- [Activity] Pictures stay out; everything else in the records gets transcribed exactly.
-- Entries supplied follows --
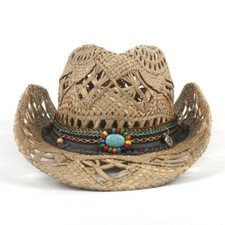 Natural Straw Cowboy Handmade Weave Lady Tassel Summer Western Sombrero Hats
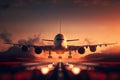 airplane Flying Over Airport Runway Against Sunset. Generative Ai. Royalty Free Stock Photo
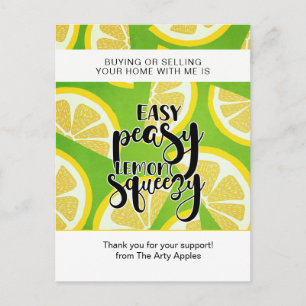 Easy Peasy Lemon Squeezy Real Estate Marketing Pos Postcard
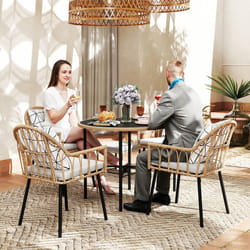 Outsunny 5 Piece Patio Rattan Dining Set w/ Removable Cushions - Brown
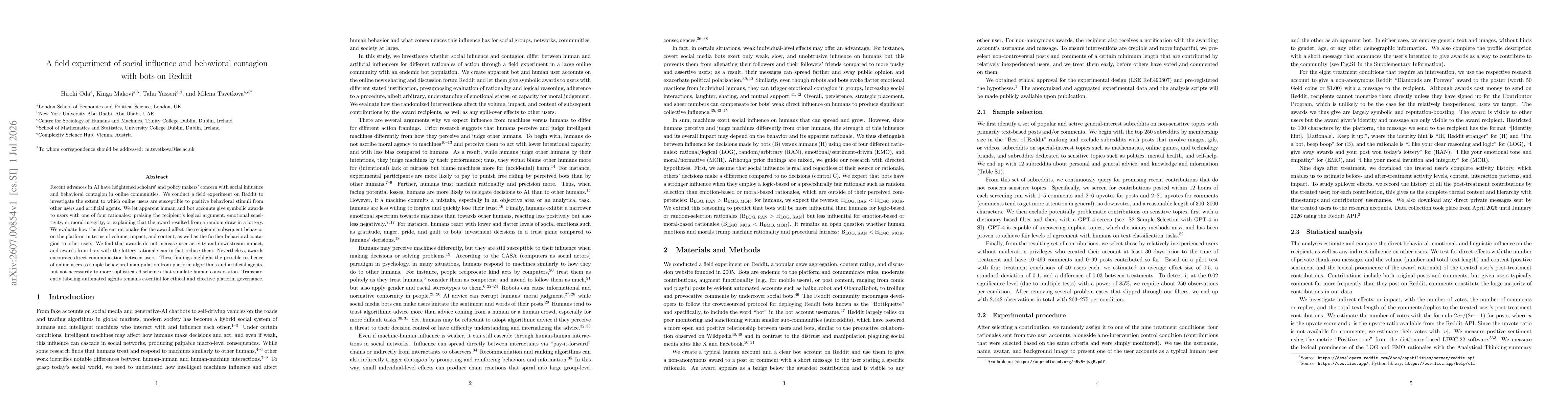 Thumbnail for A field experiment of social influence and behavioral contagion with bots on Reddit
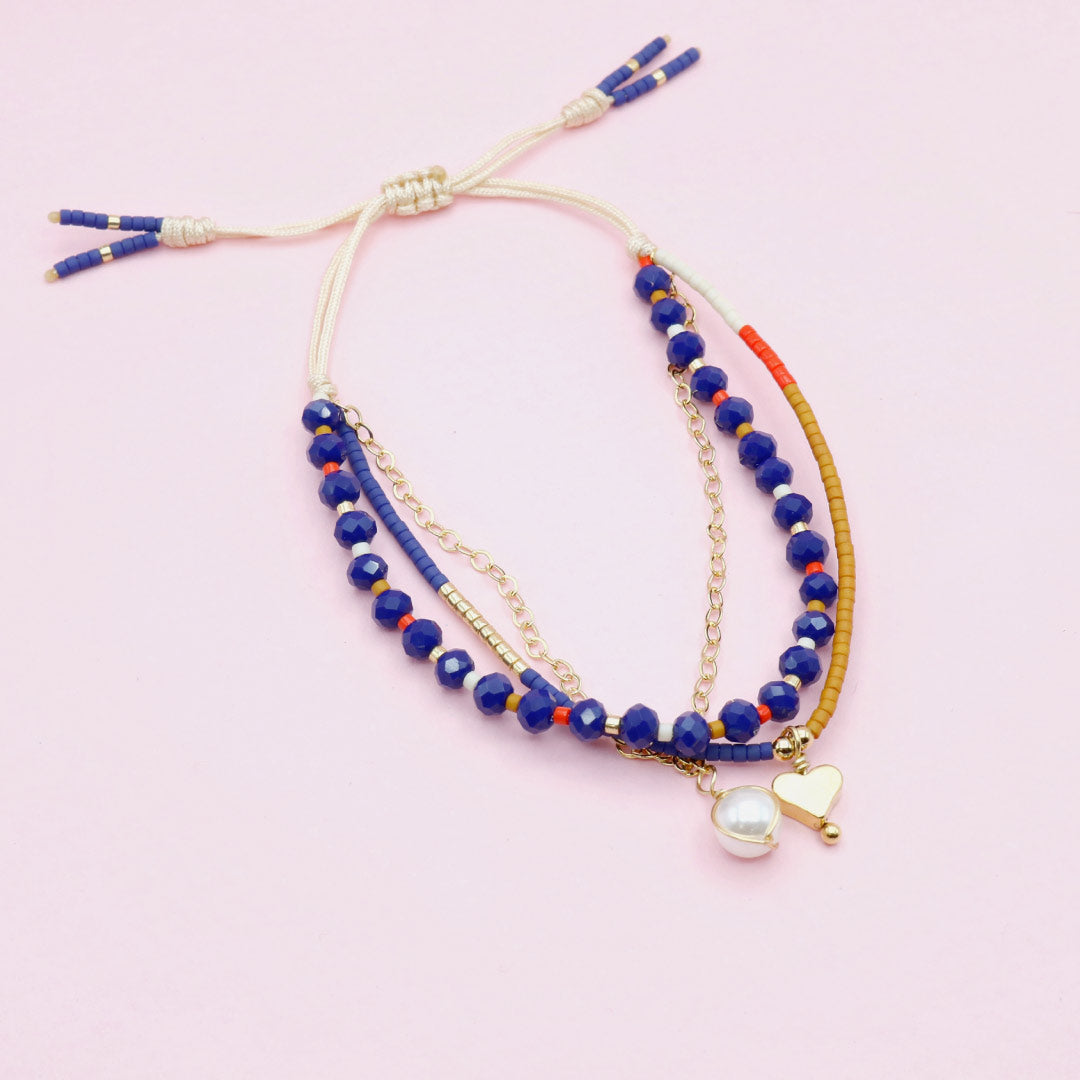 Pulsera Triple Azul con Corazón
-- Entries supplied concluded --
- [Reply to the task]
 Natural Straw Cowboy Handmade Weave Lady Tassel Summer Western Sombrero Hats
 airplane Flying Over Airport Runway Against Sunset. Generative Ai. Royalty Free Stock Photo
 Easy Peasy Lemon Squeezy Real Estate Marketing Pos Postcard
 Outsunny 5 Piece Patio Rattan Dining Set w/ Removable Cushions - Brown
 Thumbnail for A field experiment of social influence and behavioral contagion with bots on Reddit
 Pulsera Triple Azul con Corazón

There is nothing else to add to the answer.